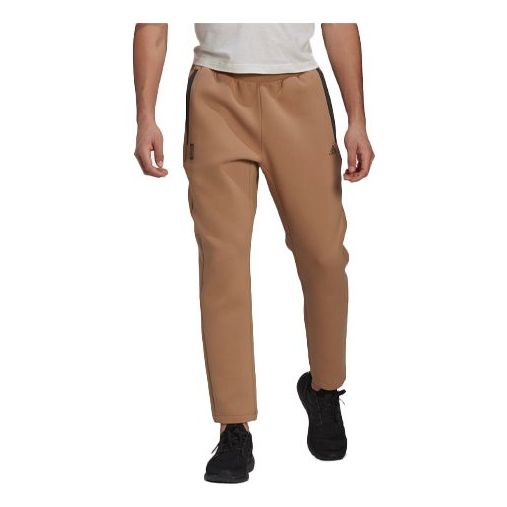 adidas MENS Wj Pnt Kn Warm Running Training Straight Leg Pants Yellow GU1763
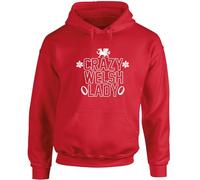Hippowarehouse Crazy Welsh lady unisex Hoodie hooded top Red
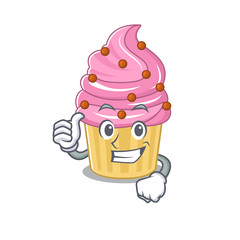 Funny strawberry cupcake making Thumbs up gesture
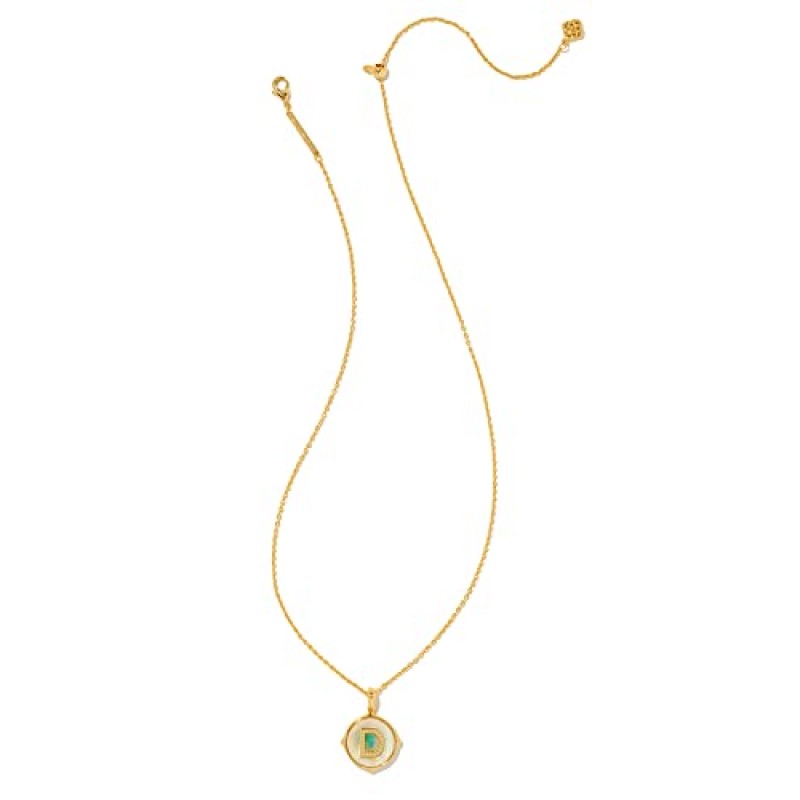 Kendra Scott 14k 금도금 황동 문자 A-Z 디스크 가역 펜던트 목걸이, 여성용 패션 주얼리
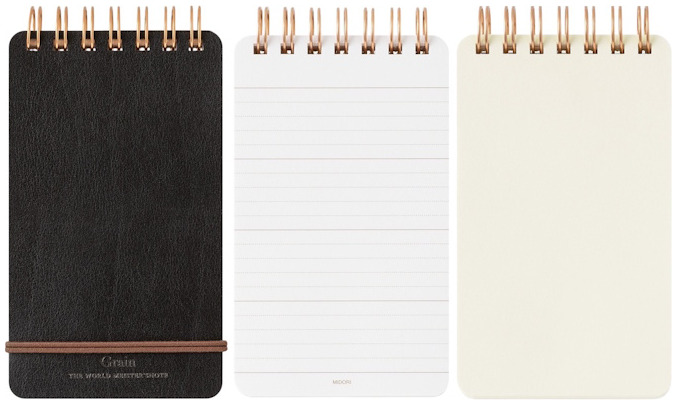 MIDORI Memo pad, WM Ring Grain series Black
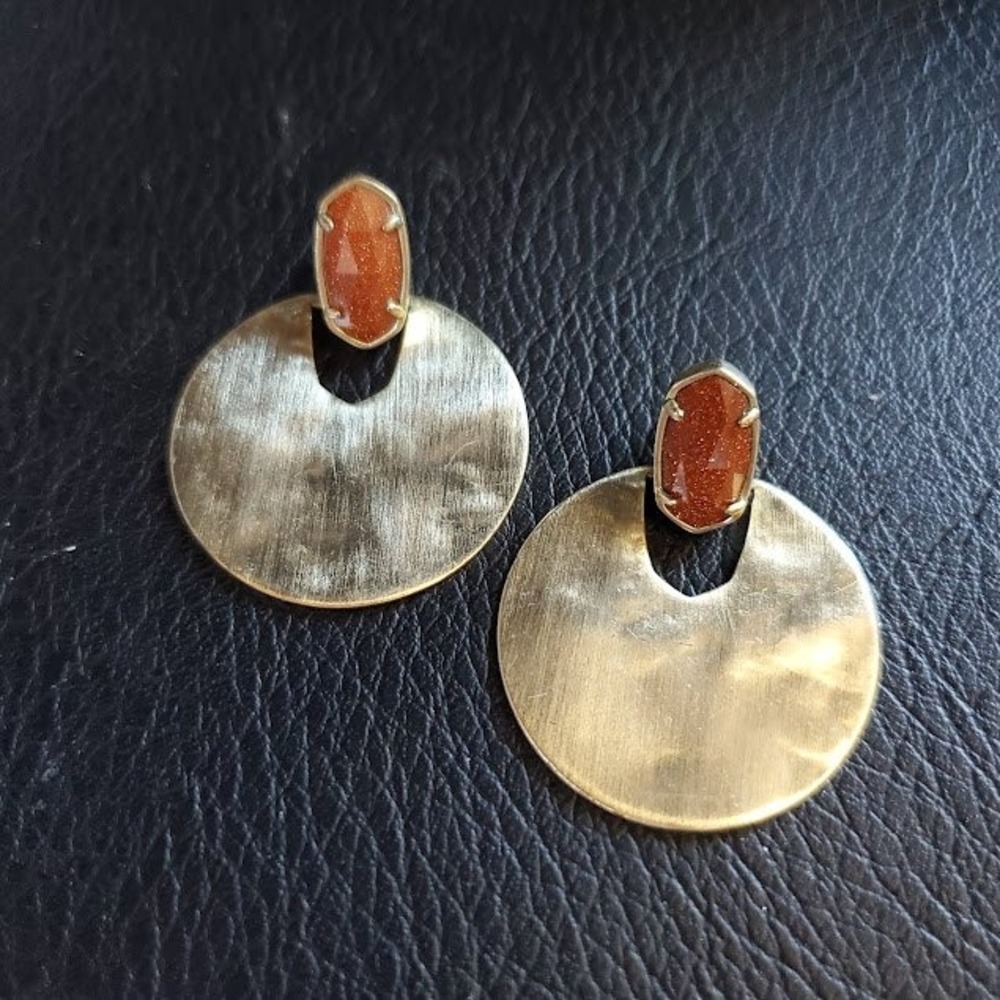 Kendra Scott Goldstone Sunstone Hammered Gold Tone Statement Drop Earrings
================================
• The problem: Transcribe the lines that run from the line bearing "Funny strawberry cupcake" through the last line of the data. Keep the wording exact and leave out every picture.

• Task output:
 Funny strawberry cupcake making Thumbs up gesture
 Kendra Scott 14k 금도금 황동 문자 A-Z 디스크 가역 펜던트 목걸이, 여성용 패션 주얼리
 MIDORI Memo pad, WM Ring Grain series Black
 Kendra Scott Goldstone Sunstone Hammered Gold Tone Statement Drop Earrings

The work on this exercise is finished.